There have been other unique aspects of dealing with the newest pandemic.

“With Covid-19, one of the biggest challenges we had is getting the supplies that we needed and, with Idaho being one of the last states to have cases, it has really limited getting the supplies to our area during this pandemic,” said McCulloch,

“That has been a big challenge,” she said in an interview in late April, “But again, we work in a community that always steps up to the plate, so we’ve had community members and community partners that have donated supplies to help health care providers and other community partners who were lacking the supplies.”

During the first two weeks of the pandemic she and her colleagues at SIPH worked long hours helping to manage the community’s response to the pandemic.

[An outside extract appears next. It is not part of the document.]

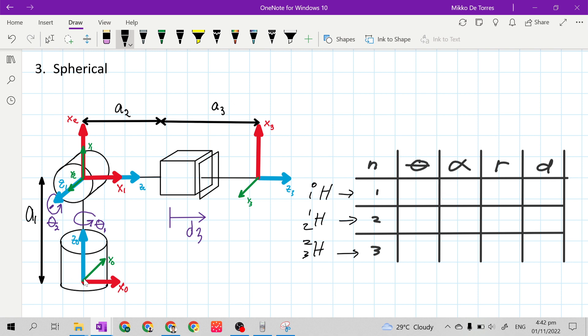For row 1 theta, our Z sub n-minus-1 is Z0, our X sub n-minus-1 is X0, and our X sub n is X1. We need to make X0 at the same direction as X1, but they are already at the same direction. So this is 0 degrees plus the given joint variable theta 1, because joint 1 is a revolute or twisting joint.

“We would leave the office at 6 or 7 o’clock and I’d go home and still work,” she said. “I am also a public information officer so I would be home responding to Facebook comments, responding to emails and so it would continue until I went to bed. So from when I would get up in the morning until I went to bed it was consistently Covid-19.”

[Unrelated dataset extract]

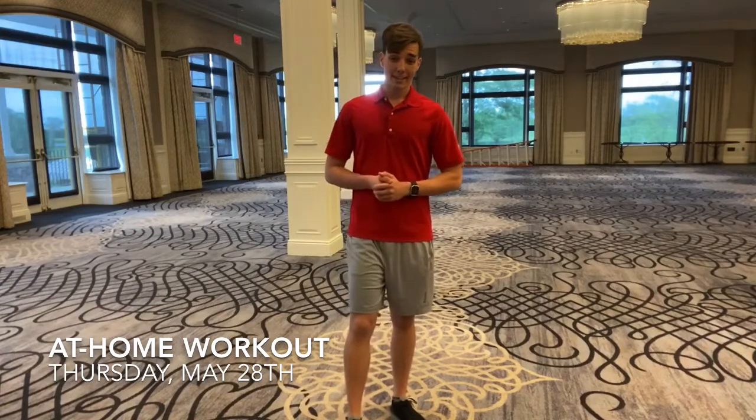Hey everybody, happy Thursday. If you're seeing this, that means this is May 28th and we are past Memorial Day. I hope you've all had a wonderful weekend.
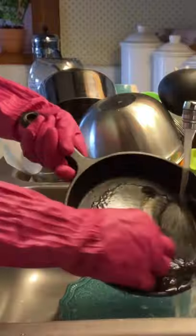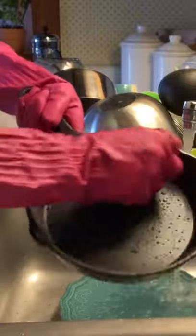Hi guys, hope you're doing well. Today I'm just going to be showing you guys how I clean my cast iron pans. There is a special way of doing it and what you're supposed to do is take a piece of steel wool and scrub it with some water and just rinse off all the dirt and grime.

 That work pattern eventually settled down to a standard 8-1/2 to 9 hours a day, but the demands of the job continue to come in waves, depending on the information requested from the public and community partners. Besides her roles in emergency management, McCulloch also still has her regular duties that include programs in health promotion, public health promotion, epidemiology and SIPH’s home-visitation program.

With some of these programs SIPH had to halt a lot of the work it was doing. Before Covid-19 hit, for example, a lot of SIPH’s health promotion programs are required to do in-person education, to work with community partners, health care providers, the public and attend health fairs. The pandemic caused a lot of that to stop. SIPH had to be creative, doing a lot of virtual meetings, conference calls and phone calls, when it was possible. SIPH would email or mail paperwork and educational materials to clients to still meet their needs.

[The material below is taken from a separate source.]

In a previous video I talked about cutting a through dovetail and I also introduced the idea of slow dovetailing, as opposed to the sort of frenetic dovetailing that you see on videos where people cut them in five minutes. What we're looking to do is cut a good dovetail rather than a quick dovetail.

“With our public health preparedness program they are responding to Covid-19 and they continue to meet their deliverables and their required work,” she said. “And with our epidemiologists, the same thing. They are able to continue to do the work that they do and they are the ones that do the contact tracing for Covid19 cases.”

McCulloch, whose father Gary McCulloch is also an alumnus of ISU, said her education prepared her well for her job, including her efforts in battling pandemics.

“When I was in my undergraduate program and my grad program the professors I had were amazing and really pushed me to move forward and encouraged me and empowered me,” she said. “I just really appreciate all of them very much and thank them for really helping me get to where I am today.”